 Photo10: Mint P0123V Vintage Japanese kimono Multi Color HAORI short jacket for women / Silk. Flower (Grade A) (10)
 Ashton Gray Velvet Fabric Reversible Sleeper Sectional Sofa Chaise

* * *

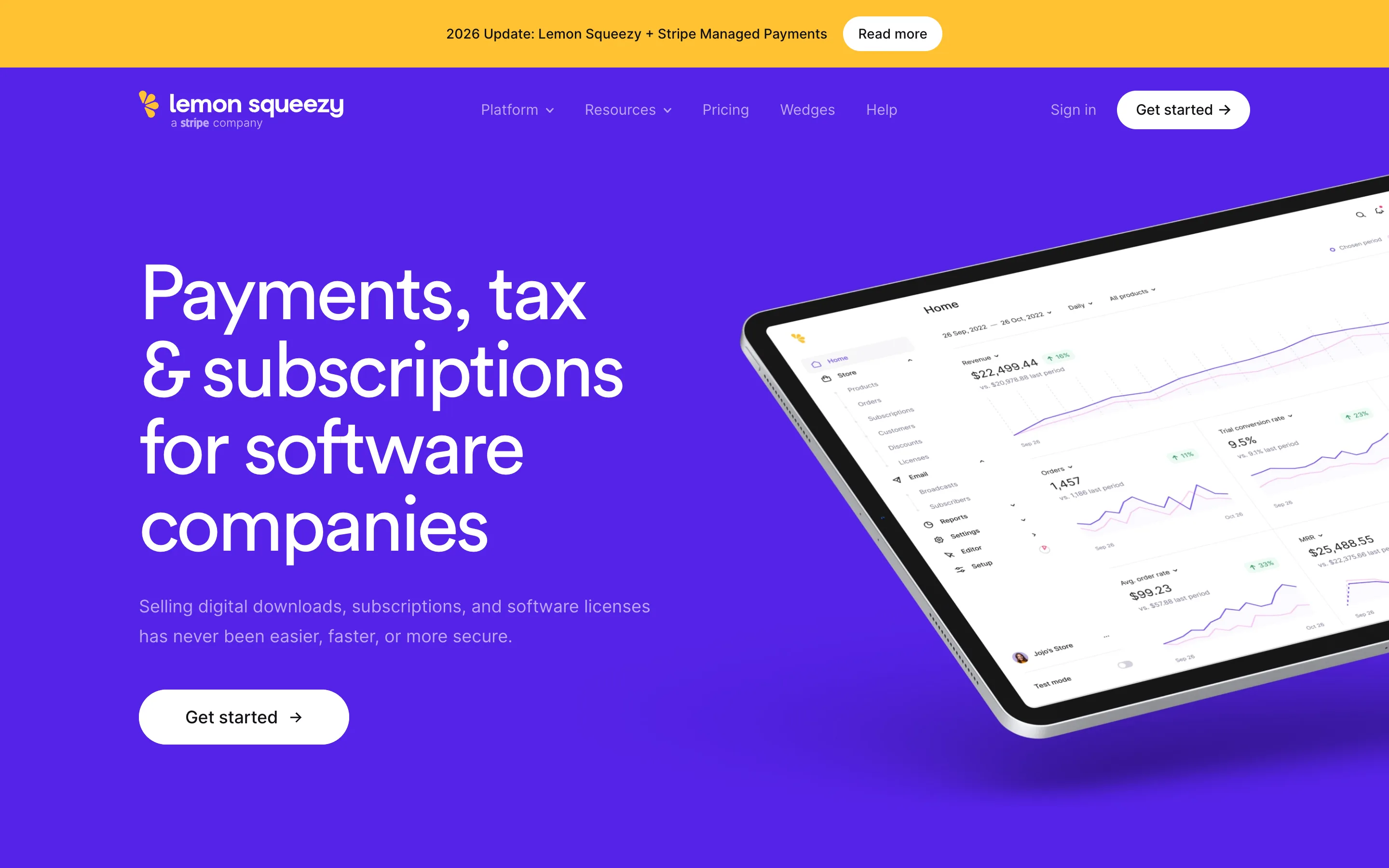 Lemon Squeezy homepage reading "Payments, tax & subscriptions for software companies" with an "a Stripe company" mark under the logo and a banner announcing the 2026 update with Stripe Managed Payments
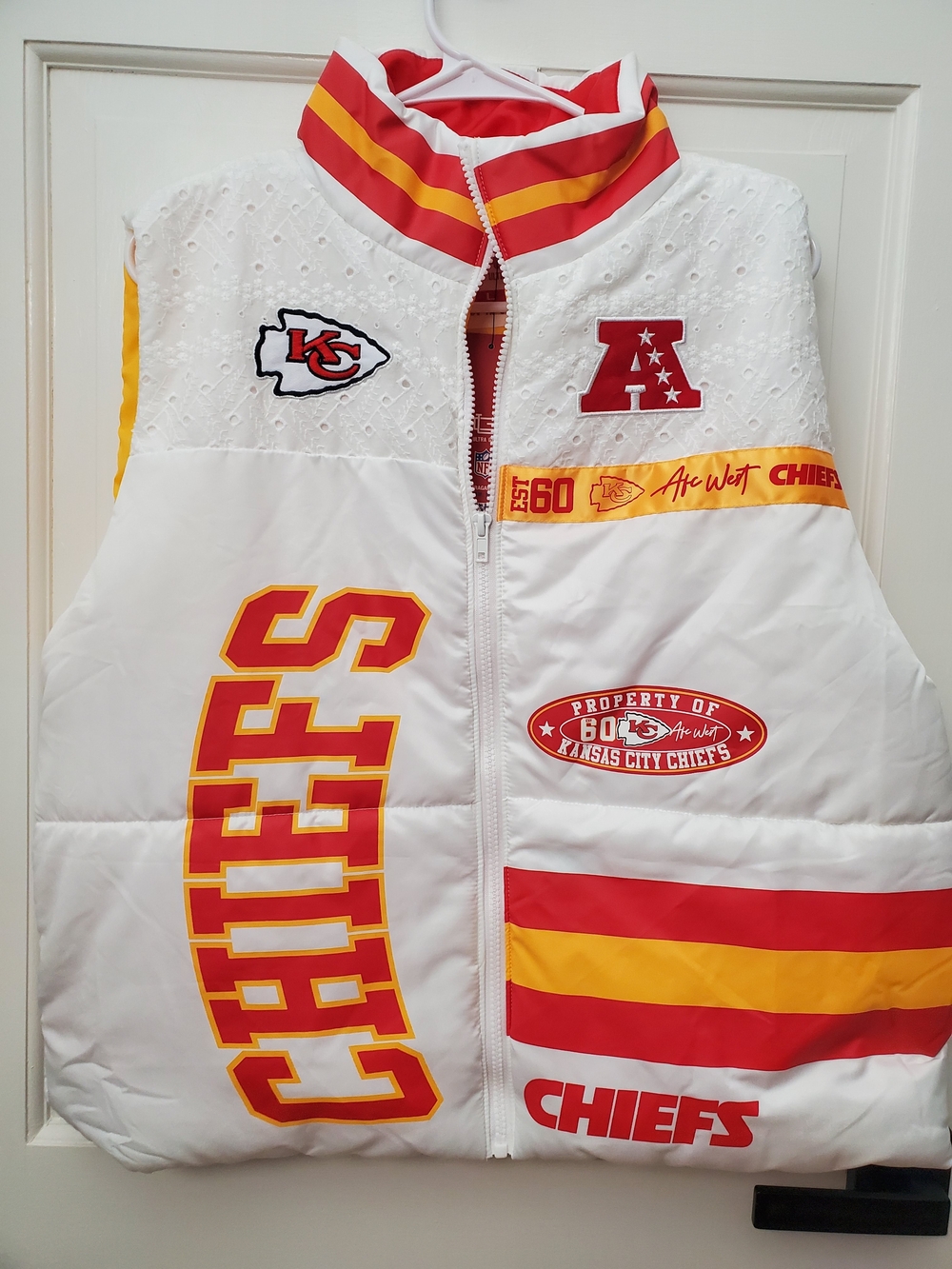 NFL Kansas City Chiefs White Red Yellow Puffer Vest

# WHAT TO PRODUCE
Only one stretch of the listing above is to be duplicated: the lines from the one containing "Lemon Squeezy homepage" through the one containing "NFL Kansas City", both included. Copy them exactly, minus the pictures.

# ANSWER SPACE
 Lemon Squeezy homepage reading "Payments, tax & subscriptions for software companies" with an "a Stripe company" mark under the logo and a banner announcing the 2026 update with Stripe Managed Payments
 NFL Kansas City Chiefs White Red Yellow Puffer Vest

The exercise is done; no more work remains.